3) Loop level. Provided by non-histone proteins. They recognize certain DNA sequences and bind to them and to each other, forming loops of 20-80 thousand bp. Shortening due to loops takes place 20-30 times. A typical mammalian chromosome can contain up to 250 loops.

4) metaphase chromosome. Before cell division, DNA molecules are doubled, the loops are stacked, the chromosome thickens and is visible under a light microscope. At this packing level, each chromosome consists of two chromatids. Each chromatid contains one DNA molecule.

Functions of DNA.

1. DNA is the carrier of genetic information. The function is provided by the fact of existence genetic code.

2. Reproduction and transmission of genetic information in generations of cells and organisms. The function is provided by the process replication .

3. Implementation of genetic information in the form of proteins, as well as any other compounds formed with the help of enzyme proteins. Function provided by processes transcriptions and broadcasts .

Directly from the structure of DNA follows the mechanism of its exact reproduction (replication). DNA structure replication is based on the principle complementarity : in a double helix, two DNA polymer chains are connected to each other due to the formation of pairs G - C, C - G, A - T, T - A. If two chains of the double helix diverge, then a new complementary chain can be built on each of them - opposite G of the original chain, the C of the new chain will be established, opposite the C of the old chain - G of the new chain, opposite A - T, and opposite T - A. As a result, two child double helixes will be obtained, completely identical to the original - parent.

Ribonucleic acids ubiquitous in nature. biological function RNA is due to the fact that they ensure the implementation in the cell of hereditary information that is transmitted using DNA.

There are three main types of RNA in the cell: messenger RNA (mRNA), ribosomal RNA (rRNA), and transfer RNA (tRNA).
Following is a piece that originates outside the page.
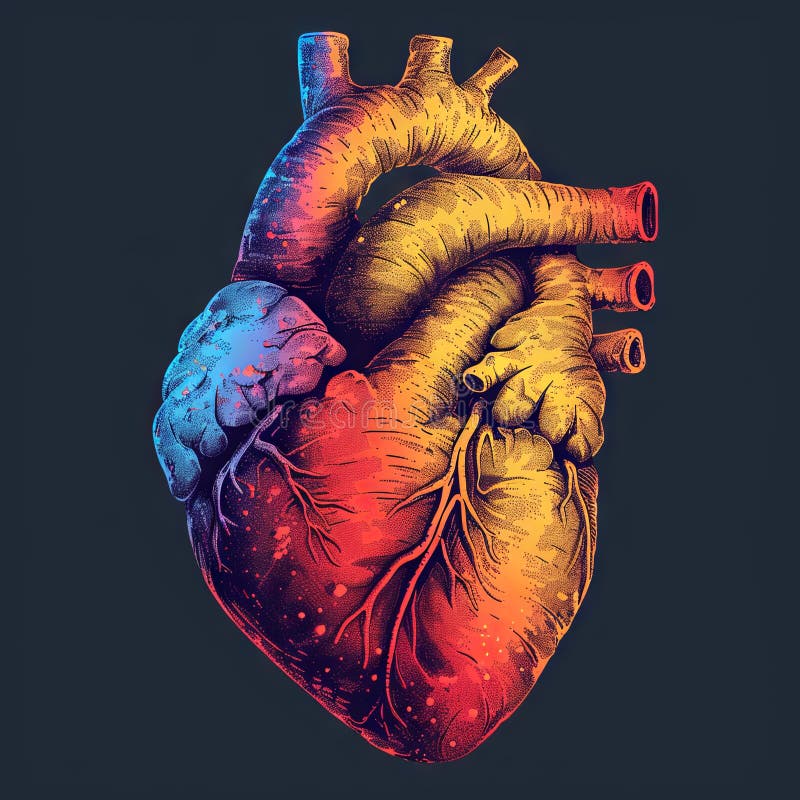 heart icon flat design image, in the style of fine attention to anatomy, logo. Generative AI. heart icon flat design image, in the style of fine attention to anatomy, logo. Generative AI.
RNA is a polynucleotide similar to DNA, but with its own characteristics.

1) The carbohydrate in RNA is represented by ribose, which has a hydroxyl group in the second position of the carbon atom.

2) Unlike DNA, the molecules of all three types of RNA are single-stranded, which is one of the important features of RNA. Moreover, distinctive feature RNA is that it is not characterized by a stable helical structure.

3) RNA contains 4 nitrogenous bases - adenine, cytosine, guanine and uracil.

The following general principles of the structure of all types of RNA are distinguished:

1) RNA is a single-stranded polynucleotide.

2) RNA forms a secondary structure - a set of short helical sections, which are formed due to antiparallel complementary pairing of adjacent segments of the chain.

3) RNA is able to form a tertiary structure due to long-range complementary interactions within the strand and interstrand interactions.

4) High polymeric RNA is able to fold into compact particles.

5) RNA has significant conformational mobility.